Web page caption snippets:
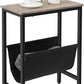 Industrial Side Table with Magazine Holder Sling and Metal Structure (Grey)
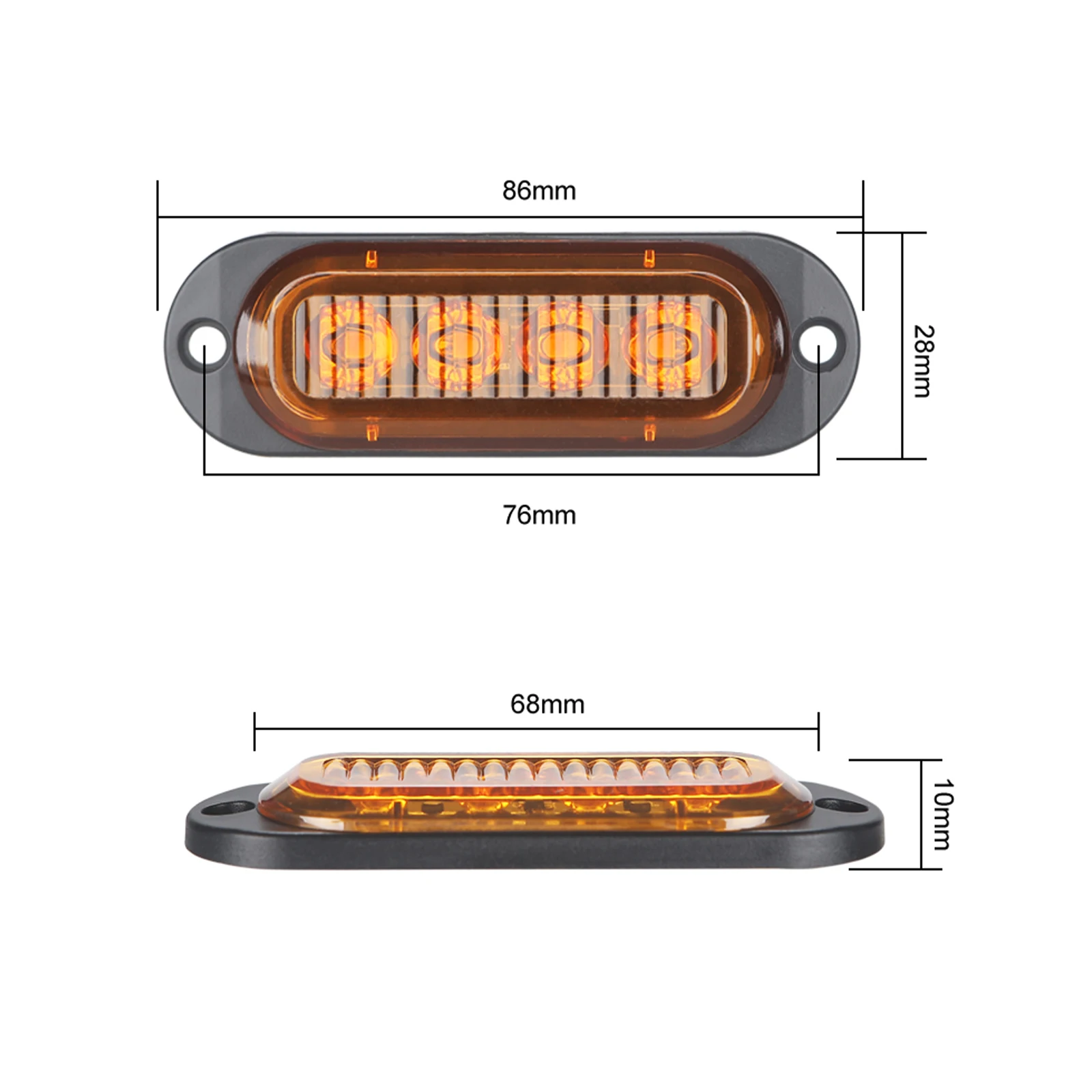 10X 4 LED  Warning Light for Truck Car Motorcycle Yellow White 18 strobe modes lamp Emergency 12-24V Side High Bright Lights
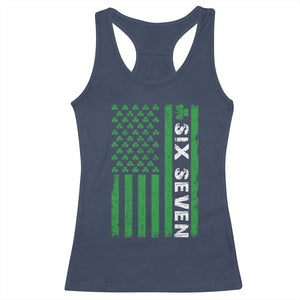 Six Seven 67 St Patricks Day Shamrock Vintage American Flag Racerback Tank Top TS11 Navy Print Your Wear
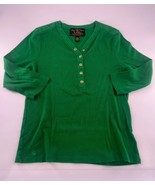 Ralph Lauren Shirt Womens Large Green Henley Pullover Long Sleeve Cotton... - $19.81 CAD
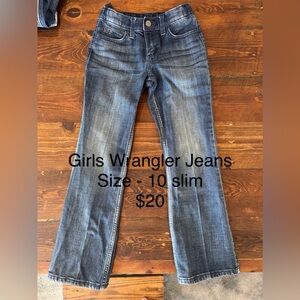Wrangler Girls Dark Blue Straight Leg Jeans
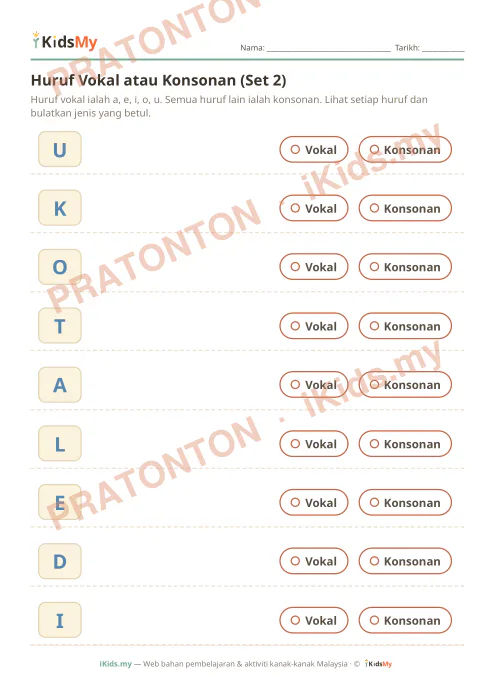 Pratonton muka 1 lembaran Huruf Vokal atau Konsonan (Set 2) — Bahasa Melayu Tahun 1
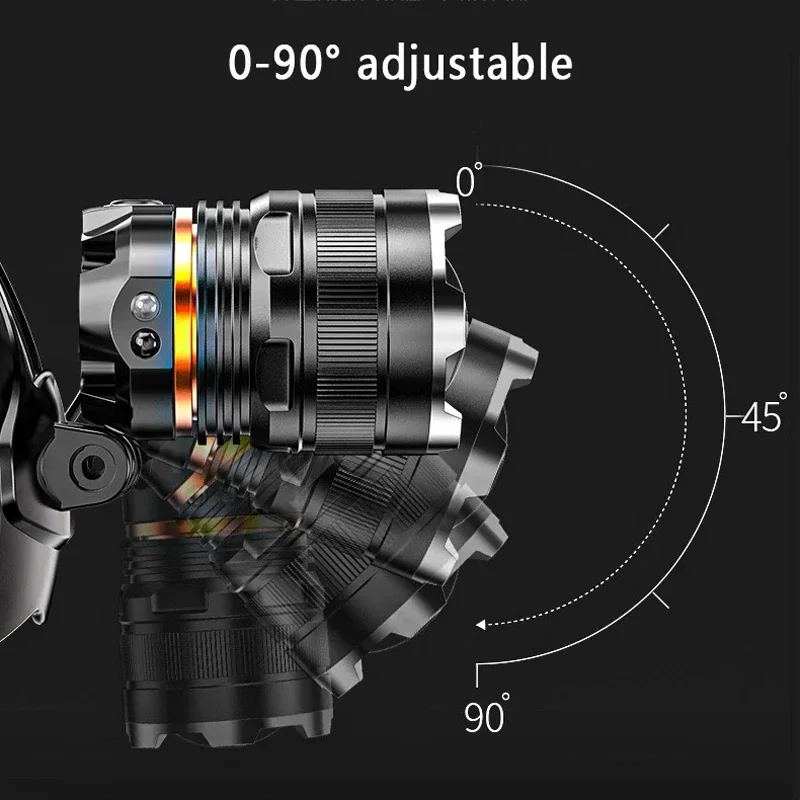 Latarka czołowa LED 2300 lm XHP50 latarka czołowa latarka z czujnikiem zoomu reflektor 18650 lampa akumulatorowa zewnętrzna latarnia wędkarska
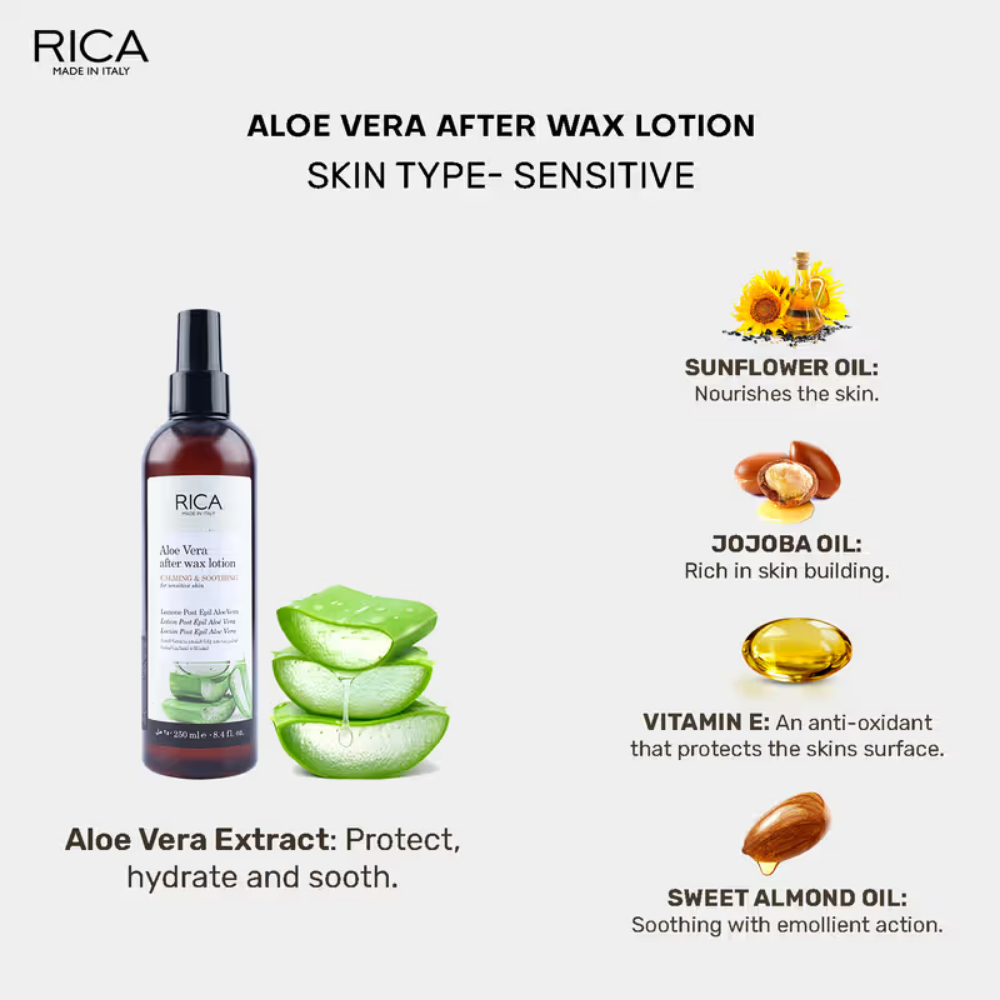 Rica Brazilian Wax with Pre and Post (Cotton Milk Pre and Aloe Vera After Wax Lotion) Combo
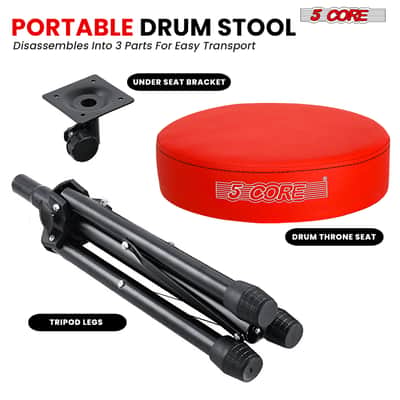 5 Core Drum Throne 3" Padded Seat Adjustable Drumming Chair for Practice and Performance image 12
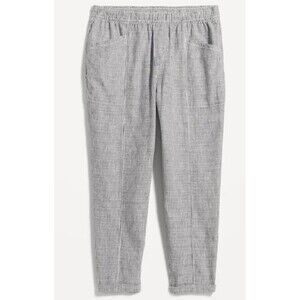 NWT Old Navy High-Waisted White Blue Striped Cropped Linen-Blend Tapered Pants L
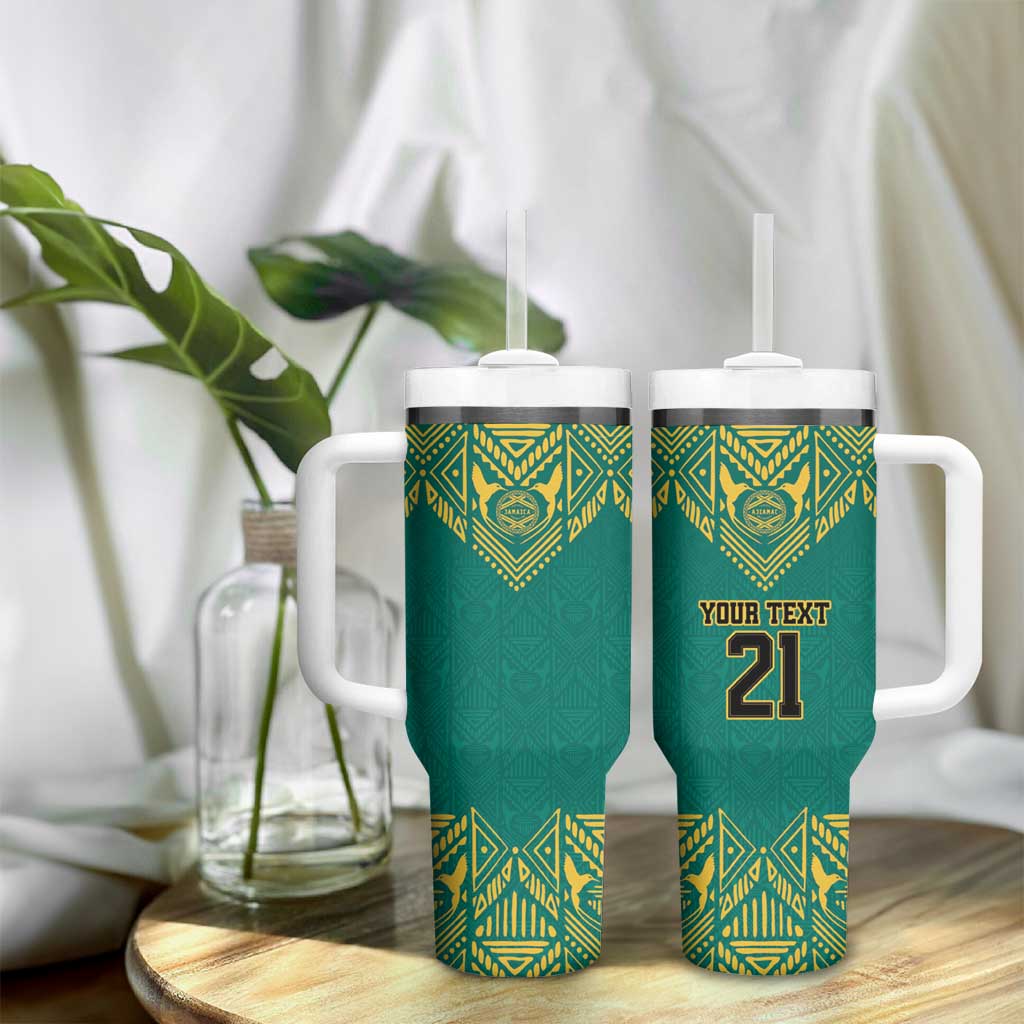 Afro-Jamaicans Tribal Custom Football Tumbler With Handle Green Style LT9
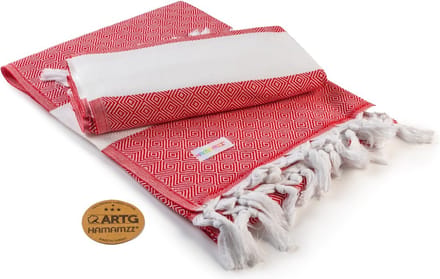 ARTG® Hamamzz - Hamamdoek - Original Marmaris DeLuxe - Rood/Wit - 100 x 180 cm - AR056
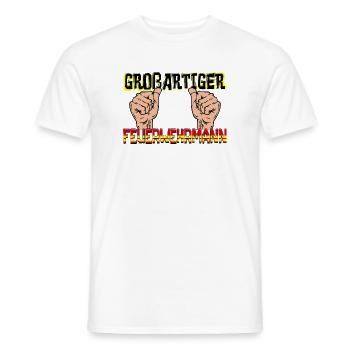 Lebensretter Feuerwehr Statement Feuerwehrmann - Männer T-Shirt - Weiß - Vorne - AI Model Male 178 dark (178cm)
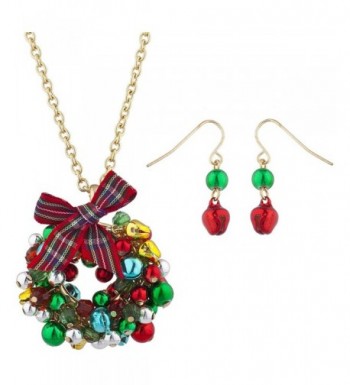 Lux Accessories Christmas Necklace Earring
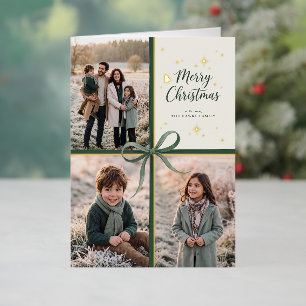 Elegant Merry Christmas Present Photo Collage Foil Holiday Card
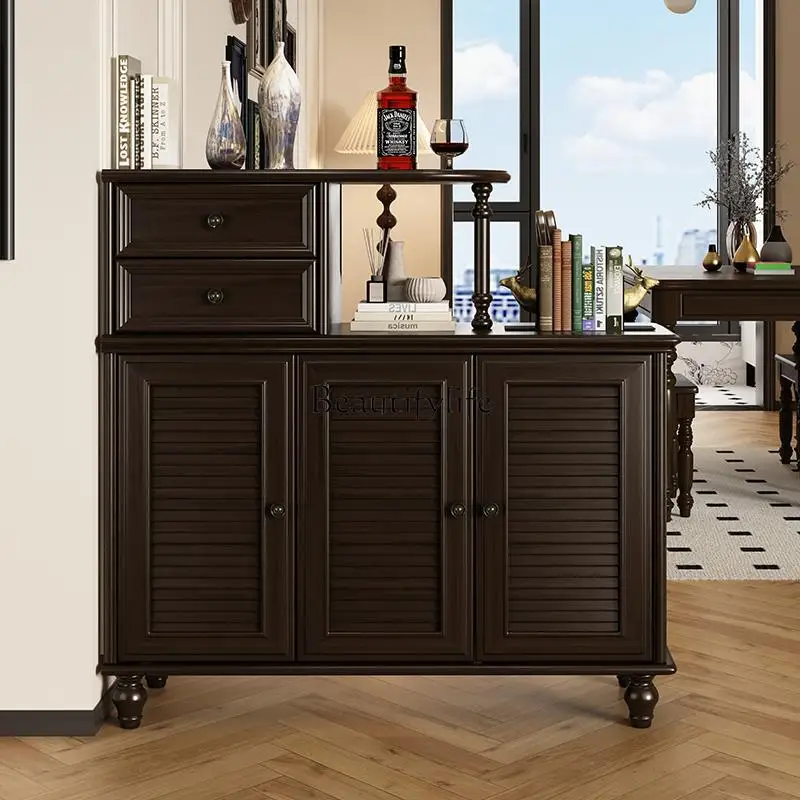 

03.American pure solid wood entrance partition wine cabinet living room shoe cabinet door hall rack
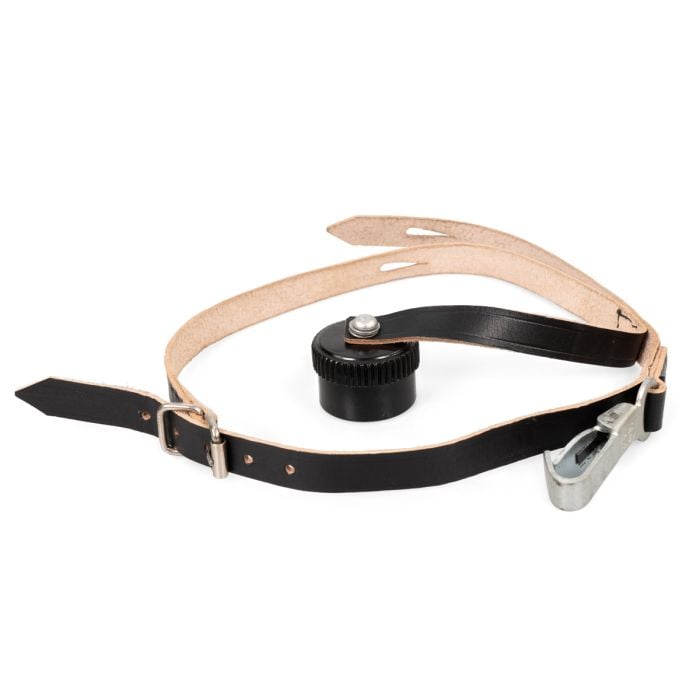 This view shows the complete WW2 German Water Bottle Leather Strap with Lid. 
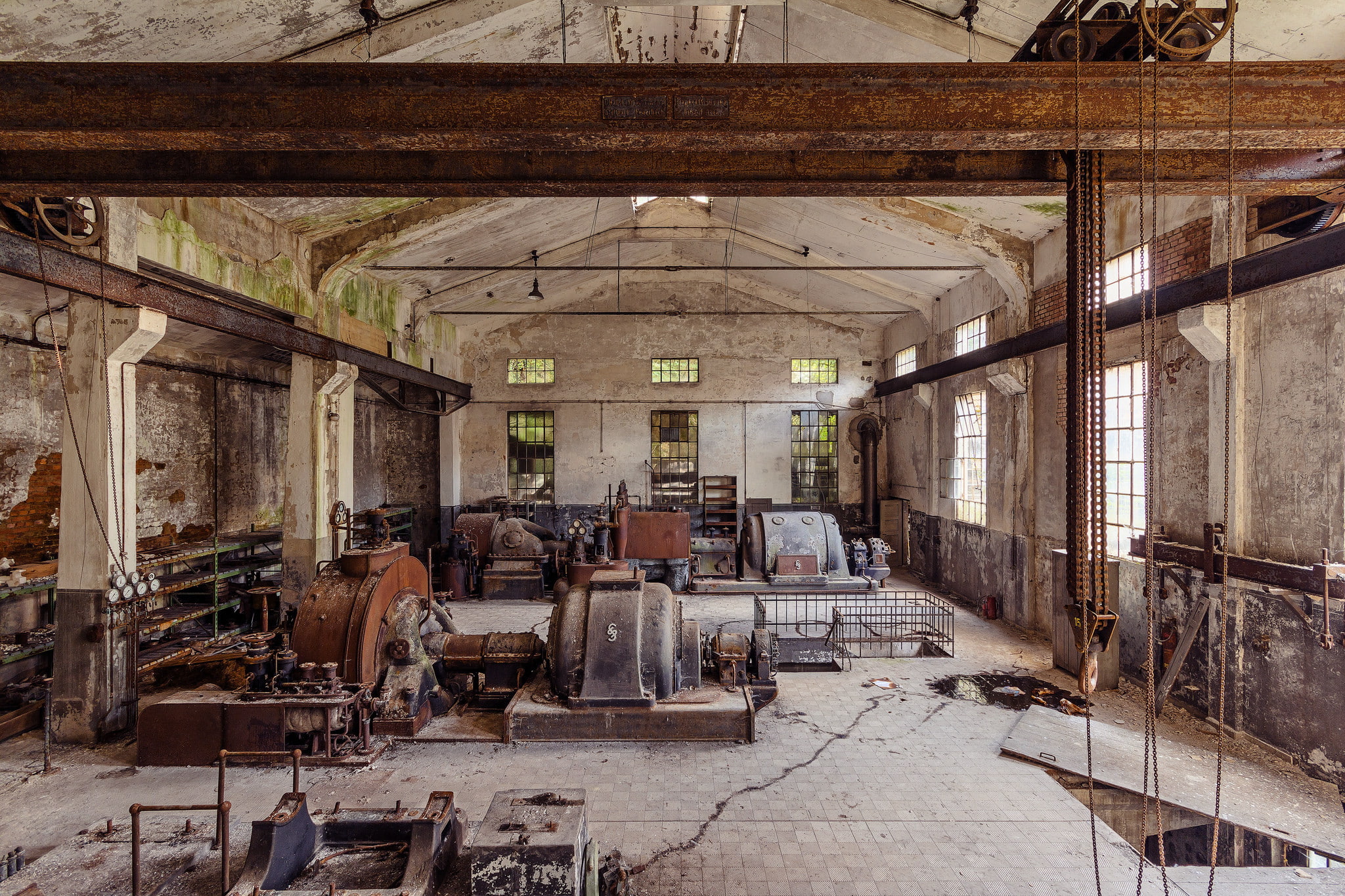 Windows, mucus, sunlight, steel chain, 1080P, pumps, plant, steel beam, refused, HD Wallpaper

▸ Exercise prompt
Reproduce the lines above beginning at the line that contains "Lux Accessories Christmas Necklace Earring" and ending at the line that contains "03.American pure solid". No pictures.

▸ Result for this task
 Lux Accessories Christmas Necklace Earring
 Elegant Merry Christmas Present Photo Collage Foil Holiday Card

03.American pure solid wood entrance partition wine cabinet living room shoe cabinet door hall rack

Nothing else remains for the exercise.